This typically is the result of using too much excelsior. Reduce the amount you are using. In reality, the main purpose of the excelsior is to prevent the adults from drowning in the wet media. If you have it in cultures currently tap the cultures and give the flies a couple of minutes and you will find them all climbing to the top of the cultures. Tap them off the top and then into your collection container. 



vjf000 said:


> my wife complained about a strong earthy smell upstairs (everything is in the basement) and now that smell is no longer an issue. all i can do is keep trying but its so frustrating. .


So your pulling air in from the basement into the cabinet and then out into the garage? If your humidity is low in the basement then your drawing dry air over the cultures which will cause them to dry out more quickly. You may need to add a little water to the cultures during the lifespan of the cultures. Drier conditions may also be better for the mites than the flies. 

as for the smell, try some of the Superfly and see how that smells to you. 

Ed


----------



## vjf000 (Jun 14, 2008)

thanks, i appreciate the suggestions and they make sense to me.

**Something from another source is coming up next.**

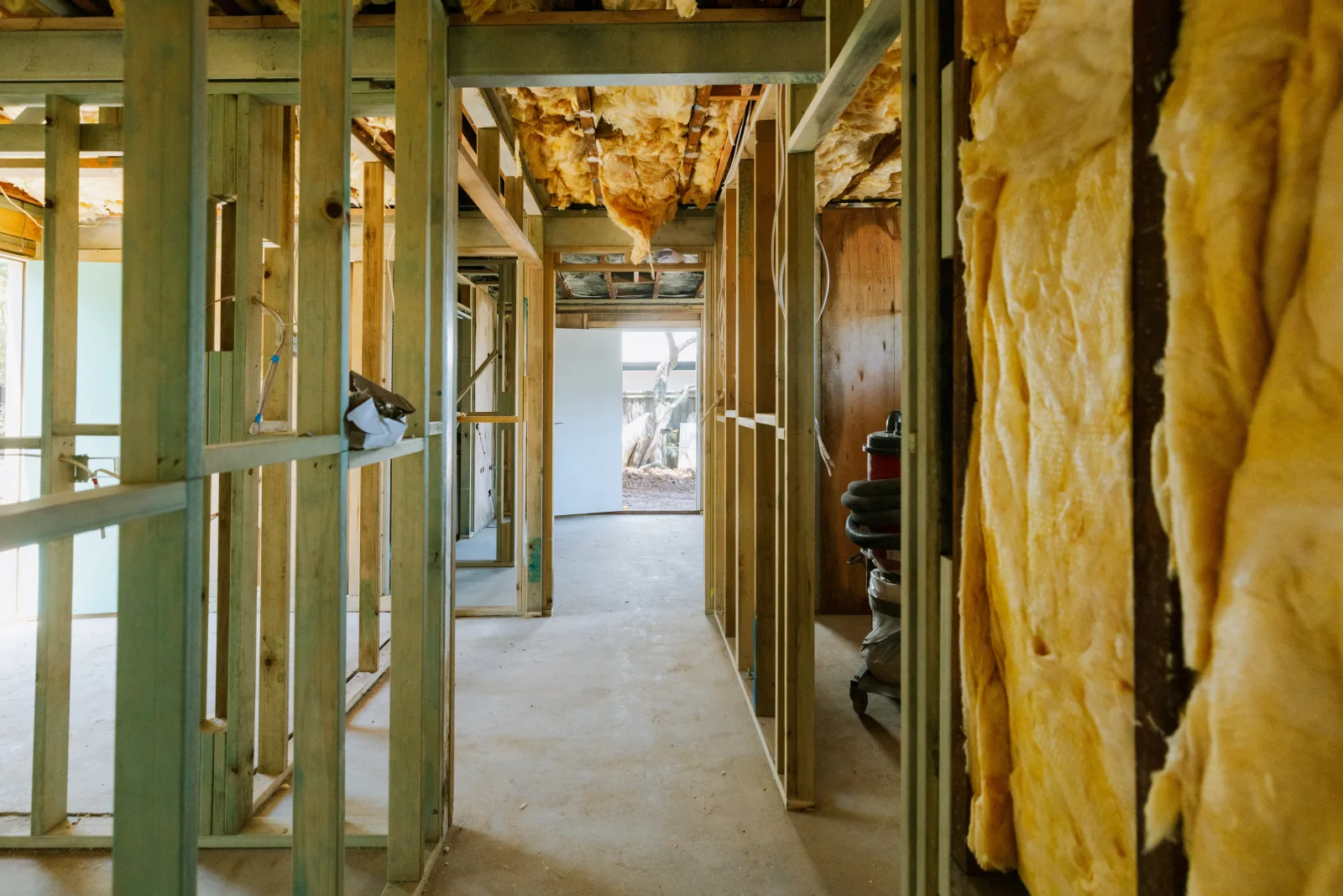 New home wall framing and insulation batts Brisbane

I will let you know how it works out. So you are saying that only a small amount of excelsior is needed? I never really noticed many pupae on the wood fibers and now i understand why if its mainly to keep adults from drowing. Thanks again.


----------



## Ed (Sep 19, 2004)

vjf000 said:


> thanks, i appreciate the suggestions and they make sense to me. I will let you know how it works out. So you are saying that only a small amount of excelsior is needed? I never really noticed many pupae on the wood fibers and now i understand why if its mainly to keep adults from drowing. Thanks again.


The culture doesn't need a huge amount of excelsior. I simply wad some up into a ball and push it into the media a little. .. 

Ed


----------